This is my first post and it's a struggle for me to do it. But I can understand how you feel. Maybe it will help to know how it went with me. You've been very open on the forum and it's been helpful to me.(Thank you).
I recently told my brother about the abuse and was a total wreck about it. I felt horrible saying it out loud, terrified of his response. He was so great about it, though. I knew before I told him that he cared about me, but the shame is so hard to overcome. Plus I felt like I would taint him somehow. I cut my parents off about 15 years ago and that wasn't easy. I had confronted my mother, who was well aware of the abuse (it went on for 20 yrs). Her response was, "Oh, it wasn't that bad."

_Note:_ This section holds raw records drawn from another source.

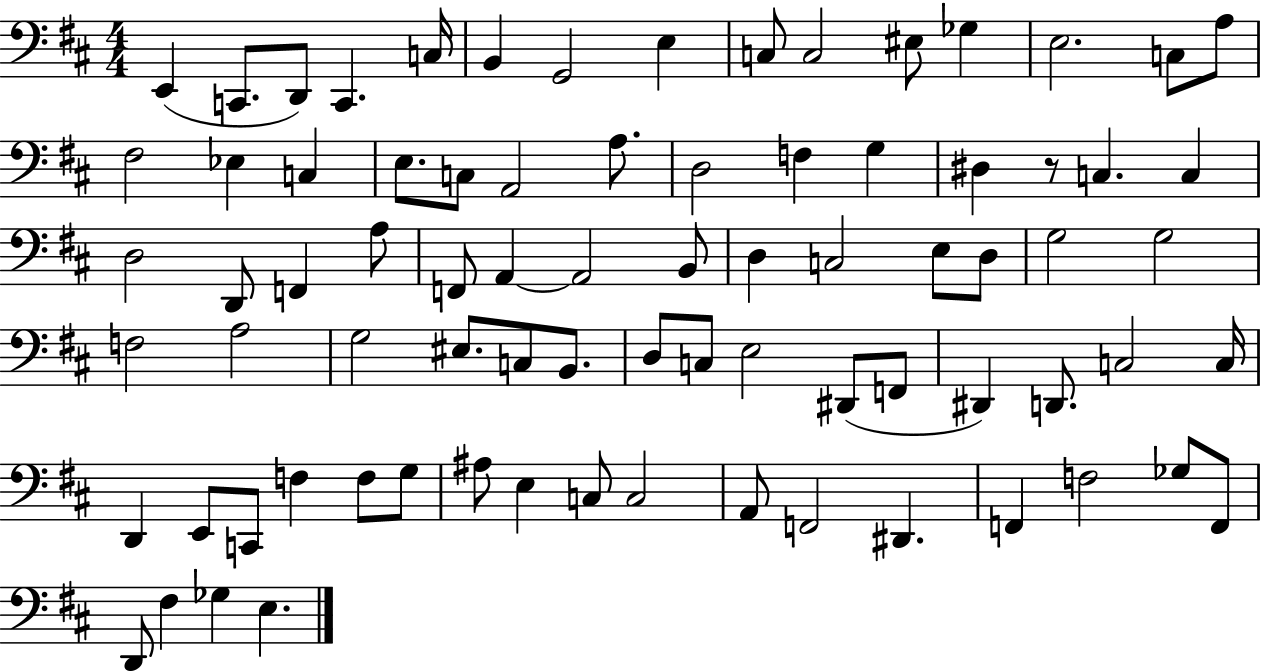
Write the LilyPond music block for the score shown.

{
  \clef bass
  \numericTimeSignature
  \time 4/4
  \key d \major
  e,4( c,8. d,8) c,4. c16 | b,4 g,2 e4 | c8 c2 eis8 ges4 | e2. c8 a8 | \break fis2 ees4 c4 | e8. c8 a,2 a8. | d2 f4 g4 | dis4 r8 c4. c4 | \break d2 d,8 f,4 a8 | f,8 a,4~~ a,2 b,8 | d4 c2 e8 d8 | g2 g2 | \break f2 a2 | g2 eis8. c8 b,8. | d8 c8 e2 dis,8( f,8 | dis,4) d,8. c2 c16 | \break d,4 e,8 c,8 f4 f8 g8 | ais8 e4 c8 c2 | a,8 f,2 dis,4. | f,4 f2 ges8 f,8 | \break d,8 fis4 ges4 e4. | \bar "|."
}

This site has inspired me to deal more with the issues I struggle with daily. 6 years of therapy havn't gotten me this far. (Thanks Jamie). One thing someone said to me was how would you feel if your brother found out from someone else? I can't be 100% sure but I think it mattered to him that I could confide in him. Odds are good that confronting the parents, no matter how well prepared you are, is going to be ugly. I found the chapter in Courage To Heal about Confronting Your Abuser to be helpful. It takes a little bit of a logical approach, something I think we'd all have difficulty doing in this situation.
I hope this helps. Posting is going to make me extremely paranoid for awhile.
first of all can i say how honored i am that you posted your first to offer me support and advice. i can tell how hard it was for you, well done for making the first step. i am glad my posts have been helpful to you, that was nice to hear! And please dont be paranoid, we are all in the same boat in a way!
your experience really has helped me, thanks for sharing it. It got me thinking and im pretty sure that you are right my brother would be better hearing it from me. I would hate it if he found out from my sister in law tho she has sworn she will not say anything.
im glad this site is helping you, me too.
please keep coming back and remember that you have no reason to be paranoid, we all understand in some way and noone here is going to judge or think badly of you.
thanks so much again claudine, you are in my heart and thoughts.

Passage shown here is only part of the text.